Autore: Enzo Moscato

Prefazione di: Mario Martone
Prima edizione: 2016

Kairòs Edizioni, Napoli

SERIE ORO

Collana: Teatro

ISBN: 9788899114541
Prezzo: € 20,00

 

Non so perché, a scriverla, Lacarmèn, mi sia venuta fuori una storia così: torbida e fluttuante. Eh, sì, proprio fluttuante: tra verità e menzogna, stereotipi e guizzi di autenticità, passato remoto e passato prossimo, presente e senz’altro poco rassicurante futuro. Una vicenda, poi, piena zeppa non tanto di cose o fatti realmente concreti, a guardar bene, ma piuttosto di ricordi – veri e finti – di deliri, visioni, allucinazioni, apparizioni di fantasmi, di oniriche creature. Una storia, soprattutto, che prende a prestito un classico della letteratura e della musica: cioè il doppio capolavoro di Merimée/Bizet, Carmen.Prestito, che diventa pretesto, per buttar giù un ‘sommario di decomposizione’, avente per argomento il cosmo-Napoli. Dunque, ecco per me la causa, la motivazione a monte, il senso-spinta per scrivere Lacarmèn: la sua lingua, la lingua di Napoli e quella del mio testo; ma credo il ‘distinguo’ sia artificioso, dal momento che io-Napoli-scrittura siamo la stessa cosa, e lo dico senz’alcuna vanagloria o prurito auto-referenziale non alieno da folclore!

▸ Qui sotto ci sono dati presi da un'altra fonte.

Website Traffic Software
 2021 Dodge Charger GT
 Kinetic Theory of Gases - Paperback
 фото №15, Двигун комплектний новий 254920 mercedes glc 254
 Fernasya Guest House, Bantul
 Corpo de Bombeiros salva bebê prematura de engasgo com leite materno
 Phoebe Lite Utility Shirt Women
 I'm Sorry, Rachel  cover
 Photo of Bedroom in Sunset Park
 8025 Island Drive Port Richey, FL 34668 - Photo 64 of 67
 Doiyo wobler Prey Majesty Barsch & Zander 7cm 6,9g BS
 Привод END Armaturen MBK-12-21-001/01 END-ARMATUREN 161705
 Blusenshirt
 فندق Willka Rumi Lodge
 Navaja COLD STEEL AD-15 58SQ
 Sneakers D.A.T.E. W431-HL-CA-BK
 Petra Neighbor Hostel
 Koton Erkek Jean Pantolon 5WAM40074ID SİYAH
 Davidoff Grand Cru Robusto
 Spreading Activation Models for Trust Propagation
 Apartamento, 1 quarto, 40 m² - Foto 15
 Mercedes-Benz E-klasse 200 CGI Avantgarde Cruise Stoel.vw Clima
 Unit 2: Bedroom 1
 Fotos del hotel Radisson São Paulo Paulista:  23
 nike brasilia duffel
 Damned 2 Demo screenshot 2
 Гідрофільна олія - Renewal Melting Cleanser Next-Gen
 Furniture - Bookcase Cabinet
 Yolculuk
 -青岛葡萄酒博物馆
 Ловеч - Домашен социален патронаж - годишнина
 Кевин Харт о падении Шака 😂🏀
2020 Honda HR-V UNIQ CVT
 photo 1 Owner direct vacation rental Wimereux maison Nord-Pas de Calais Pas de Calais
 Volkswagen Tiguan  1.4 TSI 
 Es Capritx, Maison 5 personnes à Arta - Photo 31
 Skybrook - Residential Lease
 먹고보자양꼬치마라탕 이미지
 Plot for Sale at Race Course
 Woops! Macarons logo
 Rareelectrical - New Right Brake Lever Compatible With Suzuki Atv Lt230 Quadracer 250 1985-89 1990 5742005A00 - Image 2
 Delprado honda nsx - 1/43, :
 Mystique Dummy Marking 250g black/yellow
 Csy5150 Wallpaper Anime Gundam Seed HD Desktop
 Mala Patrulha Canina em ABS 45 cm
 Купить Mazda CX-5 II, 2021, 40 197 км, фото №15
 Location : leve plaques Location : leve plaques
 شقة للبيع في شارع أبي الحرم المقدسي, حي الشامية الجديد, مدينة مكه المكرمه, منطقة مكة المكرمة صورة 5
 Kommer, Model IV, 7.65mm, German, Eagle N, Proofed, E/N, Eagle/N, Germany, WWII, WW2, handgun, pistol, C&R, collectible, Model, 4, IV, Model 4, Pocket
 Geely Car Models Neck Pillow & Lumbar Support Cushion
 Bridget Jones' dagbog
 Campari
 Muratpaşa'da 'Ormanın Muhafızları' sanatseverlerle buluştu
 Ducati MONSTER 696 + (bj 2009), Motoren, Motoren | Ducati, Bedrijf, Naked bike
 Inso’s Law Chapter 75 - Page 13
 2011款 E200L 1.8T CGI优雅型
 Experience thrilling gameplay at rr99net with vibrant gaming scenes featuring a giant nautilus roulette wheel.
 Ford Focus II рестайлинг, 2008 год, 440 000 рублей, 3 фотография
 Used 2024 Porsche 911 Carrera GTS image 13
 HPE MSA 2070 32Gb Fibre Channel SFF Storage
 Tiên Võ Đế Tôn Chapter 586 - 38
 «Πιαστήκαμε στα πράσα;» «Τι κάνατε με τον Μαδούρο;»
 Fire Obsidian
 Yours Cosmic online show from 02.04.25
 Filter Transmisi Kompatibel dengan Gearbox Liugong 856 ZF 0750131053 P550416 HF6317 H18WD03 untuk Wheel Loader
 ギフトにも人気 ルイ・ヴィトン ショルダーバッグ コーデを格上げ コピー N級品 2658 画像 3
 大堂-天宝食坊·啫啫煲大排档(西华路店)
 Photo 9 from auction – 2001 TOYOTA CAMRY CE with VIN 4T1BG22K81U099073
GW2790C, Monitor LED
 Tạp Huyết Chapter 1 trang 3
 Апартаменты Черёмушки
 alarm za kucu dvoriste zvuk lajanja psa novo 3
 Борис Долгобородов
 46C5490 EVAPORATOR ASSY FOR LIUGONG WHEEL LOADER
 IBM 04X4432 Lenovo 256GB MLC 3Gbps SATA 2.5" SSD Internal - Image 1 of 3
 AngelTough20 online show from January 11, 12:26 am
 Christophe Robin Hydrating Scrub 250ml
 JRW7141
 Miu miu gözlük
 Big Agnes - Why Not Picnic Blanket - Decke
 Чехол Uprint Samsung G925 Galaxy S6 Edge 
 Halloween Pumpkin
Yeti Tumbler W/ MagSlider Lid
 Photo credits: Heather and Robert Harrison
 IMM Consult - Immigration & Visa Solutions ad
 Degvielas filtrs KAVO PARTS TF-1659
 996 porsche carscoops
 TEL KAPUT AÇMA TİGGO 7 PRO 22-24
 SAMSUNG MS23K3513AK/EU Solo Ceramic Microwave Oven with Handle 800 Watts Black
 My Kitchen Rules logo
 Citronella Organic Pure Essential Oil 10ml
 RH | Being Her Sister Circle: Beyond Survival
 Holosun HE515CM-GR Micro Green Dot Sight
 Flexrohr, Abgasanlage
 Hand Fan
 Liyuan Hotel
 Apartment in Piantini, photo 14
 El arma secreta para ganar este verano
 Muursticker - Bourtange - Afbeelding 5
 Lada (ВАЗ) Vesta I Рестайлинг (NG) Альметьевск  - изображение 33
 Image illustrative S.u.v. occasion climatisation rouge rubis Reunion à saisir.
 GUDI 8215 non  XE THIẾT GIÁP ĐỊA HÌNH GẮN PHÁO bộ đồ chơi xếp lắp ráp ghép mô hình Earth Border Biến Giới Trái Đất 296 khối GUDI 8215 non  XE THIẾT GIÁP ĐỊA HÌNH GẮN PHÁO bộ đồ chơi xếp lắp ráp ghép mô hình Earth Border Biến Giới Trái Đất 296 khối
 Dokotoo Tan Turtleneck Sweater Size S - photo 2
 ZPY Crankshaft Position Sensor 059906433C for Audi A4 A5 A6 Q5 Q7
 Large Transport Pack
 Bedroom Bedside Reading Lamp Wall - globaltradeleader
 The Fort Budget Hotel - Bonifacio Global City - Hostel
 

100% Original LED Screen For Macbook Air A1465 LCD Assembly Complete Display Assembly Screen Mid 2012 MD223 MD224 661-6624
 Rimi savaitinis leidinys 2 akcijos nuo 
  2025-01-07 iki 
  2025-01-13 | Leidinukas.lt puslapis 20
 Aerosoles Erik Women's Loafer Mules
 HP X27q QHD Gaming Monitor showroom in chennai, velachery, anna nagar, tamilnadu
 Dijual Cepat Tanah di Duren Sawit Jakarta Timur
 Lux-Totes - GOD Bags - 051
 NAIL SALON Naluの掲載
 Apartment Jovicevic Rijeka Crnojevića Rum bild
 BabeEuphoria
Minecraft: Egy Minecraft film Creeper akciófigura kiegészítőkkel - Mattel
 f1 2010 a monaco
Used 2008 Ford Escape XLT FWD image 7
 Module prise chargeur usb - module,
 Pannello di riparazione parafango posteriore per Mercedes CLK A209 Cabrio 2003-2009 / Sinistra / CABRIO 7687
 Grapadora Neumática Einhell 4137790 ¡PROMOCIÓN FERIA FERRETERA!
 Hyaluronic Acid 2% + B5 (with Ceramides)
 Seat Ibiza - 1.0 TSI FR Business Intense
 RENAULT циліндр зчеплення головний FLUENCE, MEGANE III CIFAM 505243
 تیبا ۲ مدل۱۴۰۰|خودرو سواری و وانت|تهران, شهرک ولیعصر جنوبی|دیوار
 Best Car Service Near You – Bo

“Chesta lengua di pietre cadute e mare, che nessuno può toccare, né dissolvere, annullare. Pena, folgorazione immantinente ‘e chi ne avesse mai a toccarla l’ardimento! Lengua, che io, straniero, forestiero, per opera ‘e magia, o de pietà/grandezza ‘e Dio, senza volerlo, per istinto e per ragione, parlandola, cantandola – ‘a sentite? – ho fatto mia!”

Enzo Moscato

 

ENZO MOSCATO, attore, autore e regista teatrale; in un ventennio di teatro ha scritto e interpretato spettacoli di grandi invenzioni stilistiche e sceniche. Tra i numerosi riconoscimenti ricevuti il Premio Riccione/Ater per il Teatro 1985, il Premio Ubu per il Teatro 1988 e 1994, il Biglietto d’Oro AGIS 1991, il Premio Franco Carmelo Greco 2004.
Ha liberamente tradotto in italiano per la scena testi come Arancia Meccanica, Ubu Re, Tartufo.
Al suo attivo ha anche due cd come chansonnier.
Per il cinema ha lavorato in Morte di un matematico napoletano di Mario Martone, Libera di Pappi Corsicato, Il verificatore di Stefano Incerti, e con Antonietta de Lillo in Racconti di vittoriaMaruzzella (episodio de I vesuviani) e Il resto di niente. Nel 2006 viene scelto dal regista Mimmo Paladino nella sua particolarissima versione del romanzo di Cervantes in Quijote, storia del viaggio interiore dell’eroe senza patria, perso nella mancha, dove divide il set con gli attori Peppe Servillo e Ginestra Palladino.